17.12.2013

Focus on systems and components

Under the direction of Dr. Rainer Sebus the Lockheed Super Star Engineering team had moved its offices to an industrial building a few kilometers away from the maintenance hangar back in 2011. All the defects identified by Production as part of the repair process are reported on-site to the Super Star Engineering team, which then prepares the appropriate repair instructions, working closely with the Designated Engineering Representative (DER) and the FAA. The Lufthansa Technik engineers are also supported by a team from consulting engineers Aeronautica.

Dr. Rainer Sebus uses the example of the wing repairs to illustrate the far-reaching consequences that decisions made by the project engineers have. "At the start we had considered whether we should get all the skins milled from whole pieces and replace all the panels.
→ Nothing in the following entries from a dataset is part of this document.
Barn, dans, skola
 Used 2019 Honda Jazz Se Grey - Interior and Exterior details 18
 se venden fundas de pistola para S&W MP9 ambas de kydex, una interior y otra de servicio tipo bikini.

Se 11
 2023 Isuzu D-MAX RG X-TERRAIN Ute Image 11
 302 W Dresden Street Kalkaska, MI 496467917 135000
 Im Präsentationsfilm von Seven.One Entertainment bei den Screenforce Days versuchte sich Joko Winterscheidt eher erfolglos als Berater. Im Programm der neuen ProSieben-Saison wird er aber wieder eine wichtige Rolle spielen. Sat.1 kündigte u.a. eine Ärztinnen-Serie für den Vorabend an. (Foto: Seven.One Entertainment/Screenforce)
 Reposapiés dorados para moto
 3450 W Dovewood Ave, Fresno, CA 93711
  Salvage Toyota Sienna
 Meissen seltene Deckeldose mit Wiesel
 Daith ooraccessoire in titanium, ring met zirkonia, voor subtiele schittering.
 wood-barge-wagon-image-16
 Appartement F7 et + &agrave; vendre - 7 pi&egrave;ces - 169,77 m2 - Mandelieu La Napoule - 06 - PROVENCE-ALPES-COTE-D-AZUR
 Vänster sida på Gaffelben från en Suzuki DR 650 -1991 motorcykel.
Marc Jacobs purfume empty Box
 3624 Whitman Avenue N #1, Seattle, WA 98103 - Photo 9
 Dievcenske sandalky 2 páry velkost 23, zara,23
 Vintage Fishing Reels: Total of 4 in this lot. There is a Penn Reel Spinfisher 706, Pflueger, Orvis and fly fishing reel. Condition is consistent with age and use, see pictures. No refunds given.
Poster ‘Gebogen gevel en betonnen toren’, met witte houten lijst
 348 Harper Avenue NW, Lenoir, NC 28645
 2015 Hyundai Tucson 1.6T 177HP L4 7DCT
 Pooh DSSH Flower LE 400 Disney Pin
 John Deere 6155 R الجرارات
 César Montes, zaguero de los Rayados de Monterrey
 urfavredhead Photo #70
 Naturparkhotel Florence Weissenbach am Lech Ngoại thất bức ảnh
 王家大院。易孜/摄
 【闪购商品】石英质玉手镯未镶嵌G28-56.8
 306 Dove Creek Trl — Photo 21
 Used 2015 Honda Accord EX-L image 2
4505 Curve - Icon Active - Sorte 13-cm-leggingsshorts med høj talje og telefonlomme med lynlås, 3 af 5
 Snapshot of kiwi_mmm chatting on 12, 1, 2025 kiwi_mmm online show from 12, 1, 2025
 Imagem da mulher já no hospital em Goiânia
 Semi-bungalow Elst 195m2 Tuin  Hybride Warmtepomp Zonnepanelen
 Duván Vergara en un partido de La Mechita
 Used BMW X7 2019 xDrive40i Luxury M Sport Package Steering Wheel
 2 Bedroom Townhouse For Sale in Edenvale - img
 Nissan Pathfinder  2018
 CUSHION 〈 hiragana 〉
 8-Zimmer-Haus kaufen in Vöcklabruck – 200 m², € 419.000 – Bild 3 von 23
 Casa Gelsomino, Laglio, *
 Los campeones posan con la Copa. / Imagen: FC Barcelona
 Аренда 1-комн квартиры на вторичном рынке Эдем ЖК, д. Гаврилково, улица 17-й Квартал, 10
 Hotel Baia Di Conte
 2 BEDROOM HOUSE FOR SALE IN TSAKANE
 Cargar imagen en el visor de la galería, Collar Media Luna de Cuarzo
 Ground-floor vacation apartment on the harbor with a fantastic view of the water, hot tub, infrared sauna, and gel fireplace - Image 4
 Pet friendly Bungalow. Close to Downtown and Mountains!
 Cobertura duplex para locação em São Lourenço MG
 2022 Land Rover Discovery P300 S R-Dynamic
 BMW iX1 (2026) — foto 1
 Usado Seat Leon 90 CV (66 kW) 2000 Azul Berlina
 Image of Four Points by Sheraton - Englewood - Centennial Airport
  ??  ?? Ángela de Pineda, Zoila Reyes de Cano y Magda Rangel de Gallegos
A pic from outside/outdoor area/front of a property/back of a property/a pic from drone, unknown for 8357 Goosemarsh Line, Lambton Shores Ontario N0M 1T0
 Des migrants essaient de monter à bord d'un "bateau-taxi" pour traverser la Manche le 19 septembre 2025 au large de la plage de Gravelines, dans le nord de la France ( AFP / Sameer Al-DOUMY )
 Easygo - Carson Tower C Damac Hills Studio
After considering in-depth the time, effort and cost that this would entail, we chose the approach that we have in fact followed, of developing a repair procedure for every defect. With hindsight I would say that the full solution would definitely have been the fastest and cheapest option due to the many complex findings. But at that time we simply hadn't yet learned all the lessons we were later to learn and we were not yet aware of all the technological possibilities of the repair station."

The fact that it was not obvious right at the start of the project just how many repairs would be necessary is mainly due to the fact it was not possible to see all critical points immediately. It was only after the aircraft had been elaborately jacked up in a stress-free state and the structural parts had phase by phase been dismantled that it became possible to visually explore every nook and cranny of the Super Star.

As well as the current restoration work, Engineering is also mindful of the financial side of future Super Star flying operations. As Dr. Sebus explains: "The question of whether to repair or to fabricate from scratch arises not just in connection with the wings. A good example here is the engine nacelle fittings. A new fitting only has to be inspected after several thousand flying hours, whereas an old one may need inspecting after just a few weeks. So which is the more cost-effective? Fabricating from scratch, even if right now this takes longer and is more expensive, or reinstalling the old component, which will then incur costs after the aircraft has been flying only a short time? Weighing up the pros and cons is very difficult."

Having completed the engineering work on fuselage barrel four, the point where the fuselage and wing meet, the team is now concentrating on the systems and components. Sebus: "Installation of the systems and components in the flightdeck, fuselage and wings is a complex jigsaw puzzle that awaits us in the New Year." One of the tasks entailed is the installation of the digital Honeywell suite, which is replacing the analog flight instruments. "Here we can draw on good experience of other aircraft on which analog flight controls have similarly been combined with a digital cockpit world. The Honeywell glass cockpit is of course quite a comedown from the purely ‘historic' point of view. But if Lockheed were to build the Super Star today, it would inevitably also install the screens. There is no other way to present the many flight safety features of the 21st century on the narrow panel."

By contrast, the flight engineer's panel requires only marginal changes. Thus, for example, a cylinder head temperature display that offers continuous access to the data of all the cylinder heads is being installed. Dr. Rainer Sebus: "In this way the flight engineer has comprehensive real-time information about the condition of the engines. This is another sensible addition in terms of enhancing safety."